Estar sentado en aquellas butacas de avión, con el corazón estrujado y una mano sobre la pequeña ventanilla mientras despide, entre  alegría y tristezas su país, no es el fin del drama que vive el venezolano que busca respirar aires de calma y tranquilidad arrebatados por un golpe en el estómago del Gobierno, desde que decidió olvidar su compromiso con el pueblo.

Se cansó de comer mango día y noche, porque en la despensa sólo había polvo; se cansó de no tener para pagar los repuestos del auto que ganó en una rifa años atrás, de un sueldo insuficiente y de la inseguridad. Martín Flores es uno de los más de 2 millones de jóvenes, con una edad promedio de 32 años, con estudios universitarios, maestrías y doctorados, que decidieron atravesar las fronteras de Venezuela para poder reempezar a vivir. Su destino, Colombia. Creyó que el pesado bolso del inmigrante sería fácil de lidiar, pero su historia fue totalmente diferente.

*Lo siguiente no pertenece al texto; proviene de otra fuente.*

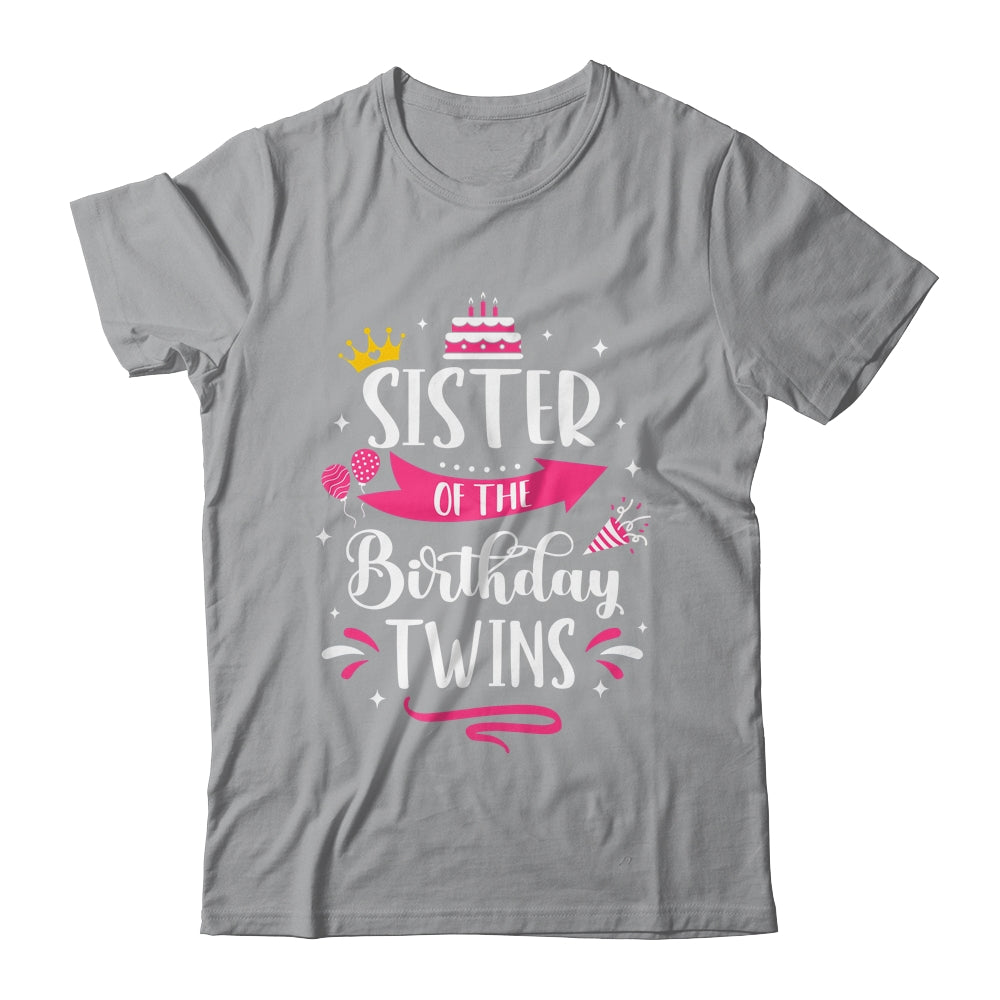 Sister Of The Birthday Twins Celebrate Twin Birthday Cute Shirt & Tank Top | siriusteestore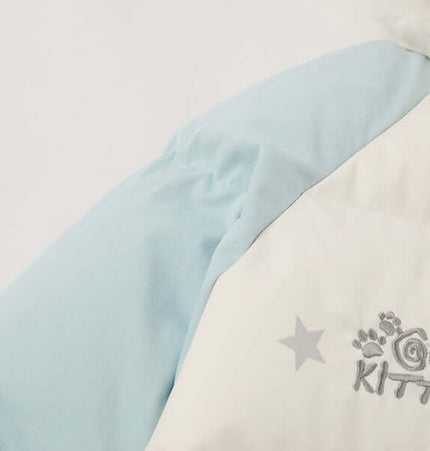 Cat-Themed Hooded Jacket - Loose Fit featuring cute kitten embroidery and light blue color.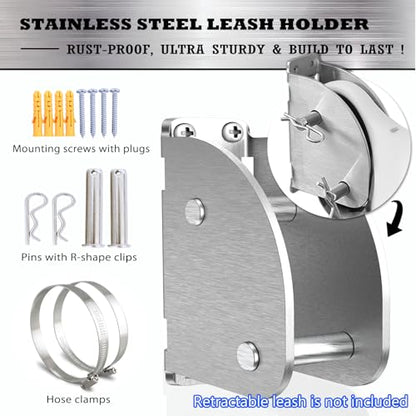 Heavy Duty Retractable Dog Leash Holder,Secure Dog Parking Station for Hands-Free Convenience,Rustproof&Chewproof Wall Mount Hook,Indoor-Outdoor Safety Anchor for All Dog Sizes - size: Standard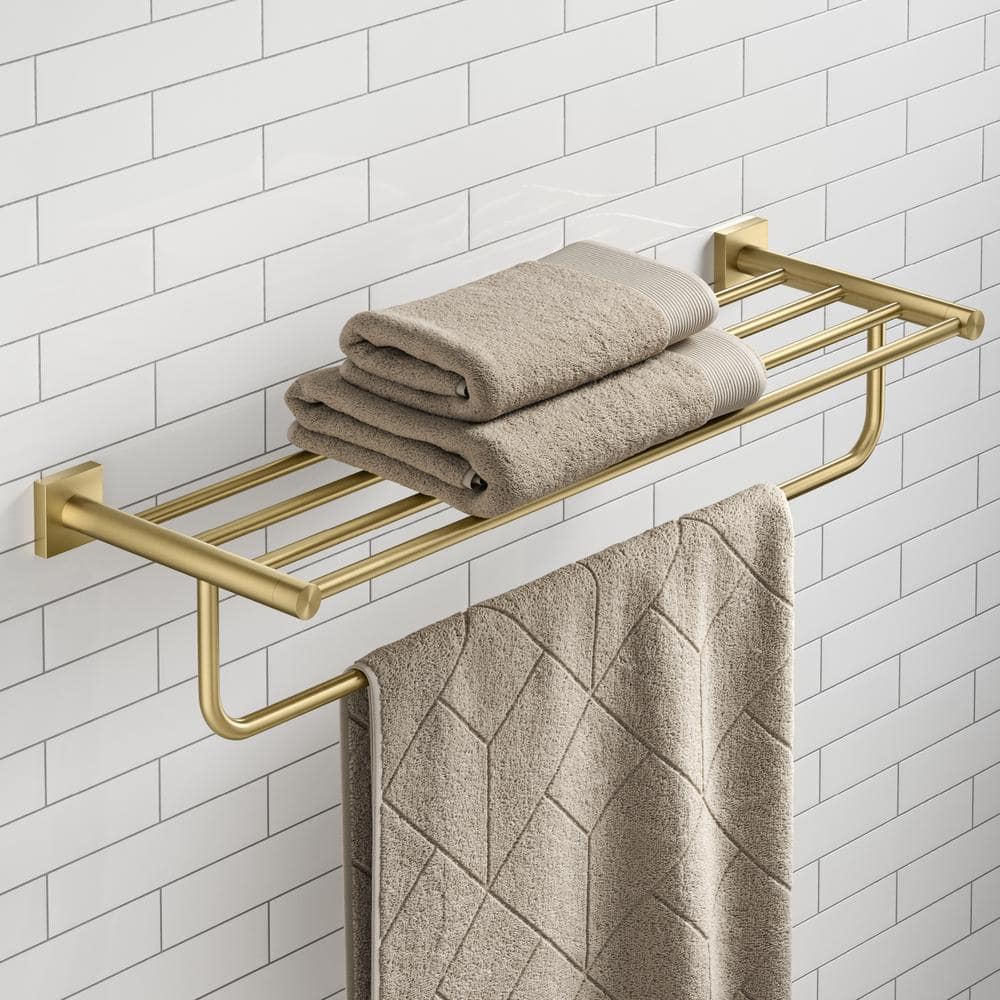 KRAUS Ventus Bathroom Shelf Towel Rack with Towel Bar in Brushed Gold (2)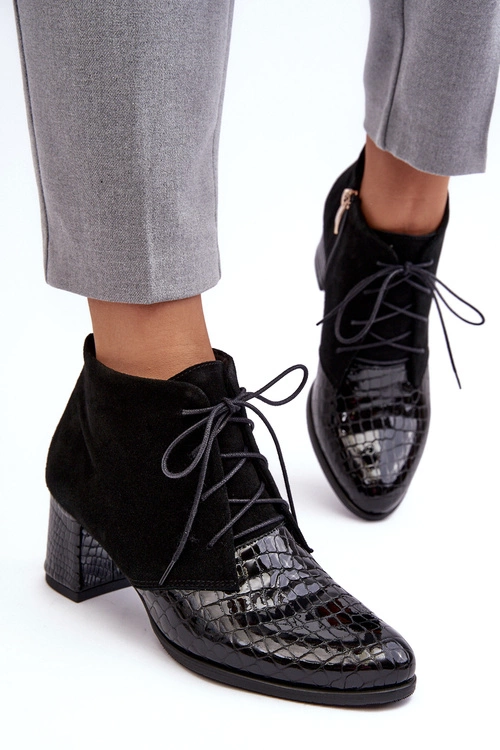 Damskie Botki Na Niskim Słupku Wężowy Wzór Czarne Ebba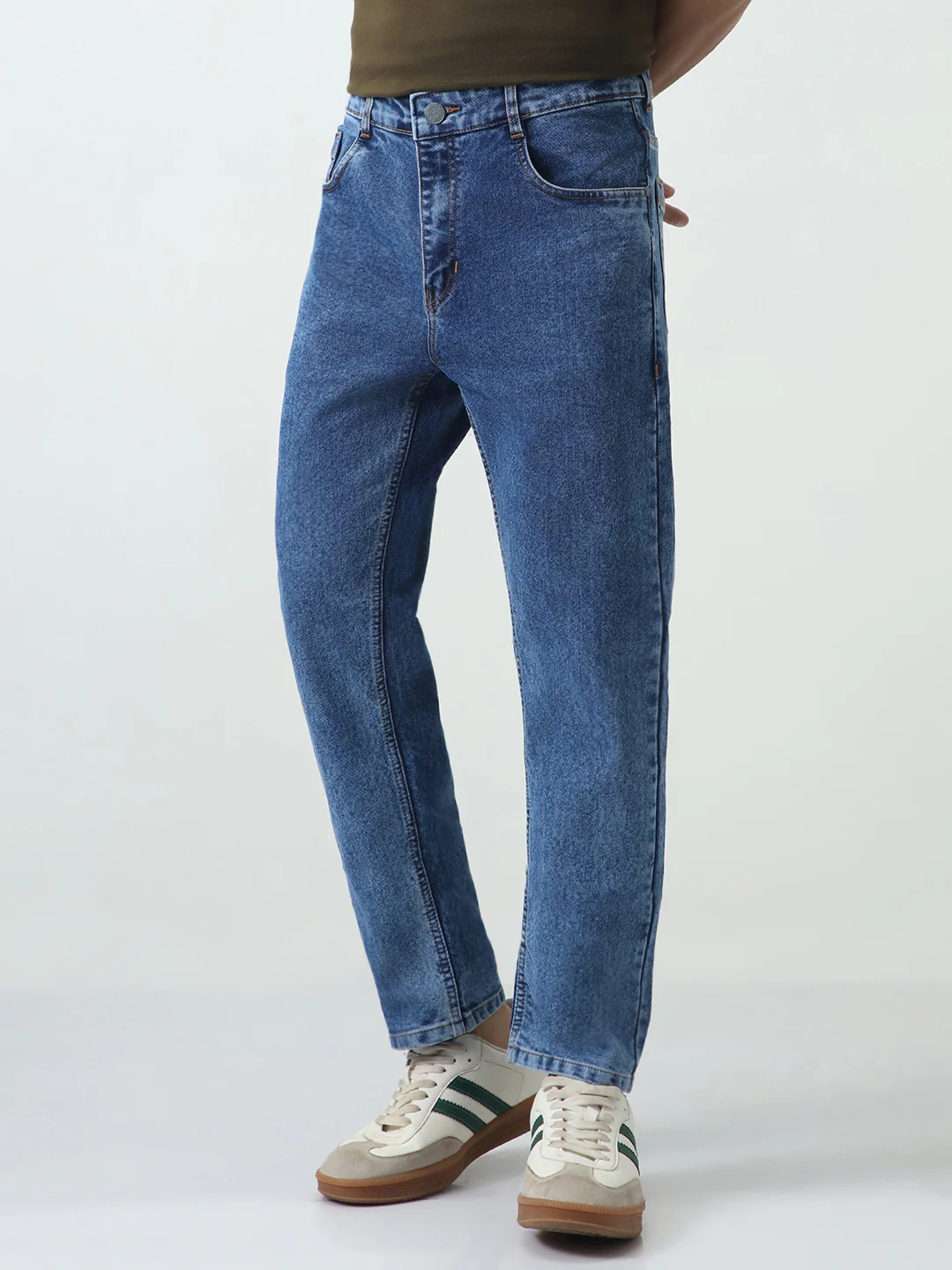 Men's Blue Slim Fit Washed Denim Jeans Stretchable - Image 2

Los venezolanos están presentes en 94 de los 193 países miembros de  la Organización de Naciones Unidas (ONU), según las cifras presentadas por Iván de la Vega, profesor de la Universidad Simón Bolívar y director del Laboratorio Internacional de Migraciones, durante una entrevista en Globovisión

Fue de improviso. Un día una amiga muy cercana lo llamó, le dijo que estaría en Venezuela por un mes y le hizo la pregunta que muchos quieren escuchar “¿Te animas a irte conmigo a Colombia? allá podemos buscar trabajo y salir de este desastre”. Martín no lo pensó dos veces, tenía alrededor de tres semanas para planificar todo, sacar sus ahorros y embarcarse a su nuevo reto.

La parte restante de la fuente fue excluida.